We nodded enthusiastically.
“Well, I am Leonid Schimmel.”
“You mean the 15-year-old hero who fought back and helped to kill a few Nazis?”
“That was me.”
He smiled disconsolately. “The film told the story very well.”
“You are a hero!” Annie cried out. “People in the Jewish world need to know your story. Why are you still living here in Poland? You should come to Israel. The Jewish Agency will help to bring you to Israel where you belong. They’ll take care of you.”
“I’m too old to go anywhere,” he said. “After the war, I made the mistake of joining the Red Army. I became an officer and married my Jewish wife, who died last year. I still get a small pension from the Russians. Now I live alone in a one-room apartment in Warsaw. My time has come and gone. But please come with me to say kaddish for the Jews who fell while escaping from Sobibor.”

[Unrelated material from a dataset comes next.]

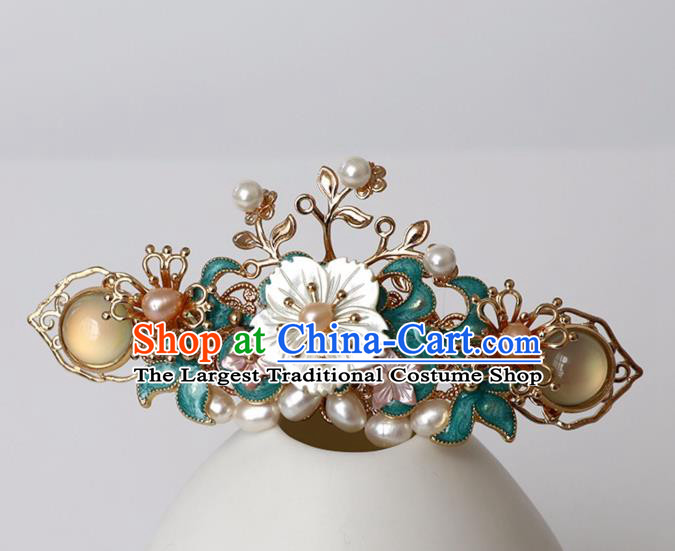 Chinese Ancient Ming Dynasty Cloisonne Hair Clip Headwear Women Hair Accessories Pearls Hairpin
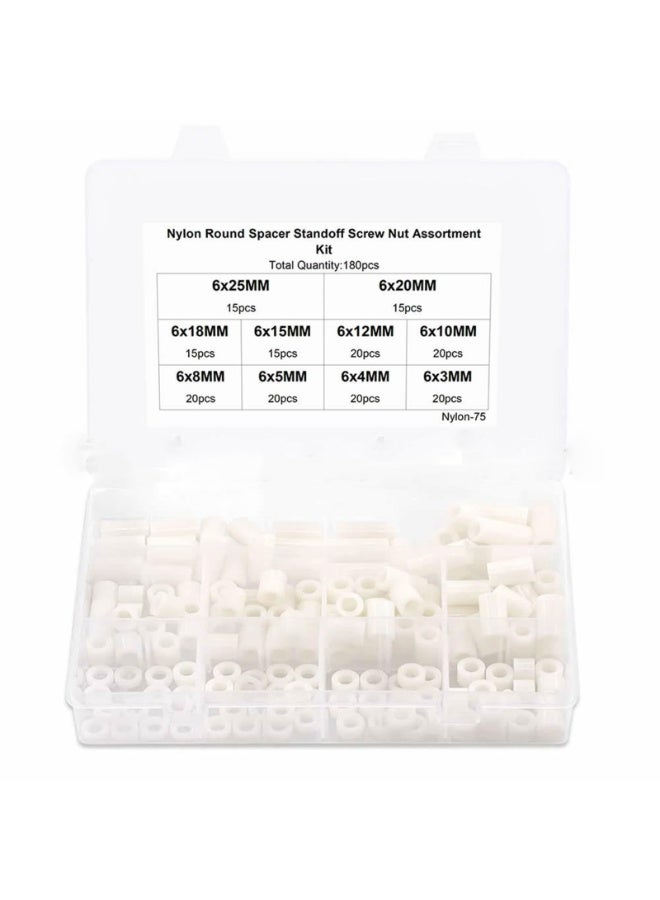 180 pcs Nylon Round Spacer Standoffs Screws Nuts Kit,Hollow Insulated Post Plastic Isolators Boxed  - Image 1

We felt guilty but the ground was becoming waterlogged and we were getting drenched. We apologized profusely, wished him well and shook his wet hand.
We made our way back to the entrance, relieved to find our driver waiting patiently. All the way back to the hotel, we sat in silence thinking about Leonid Schimmel. It was probably the most poignant moment of the entire trip.
On the flight home, my thoughts were filled with images of “the land that’s soaked in Jewish blood” yet I had no regrets about going to Poland. I learned a great deal about my wife and her family. It made me appreciate and understand her parents in a completely different light.
It also made me acutely aware of our recent Jewish past and Winston Churchill’s famous utterance: “Those who fail to learn from history are condemned to repeat it.”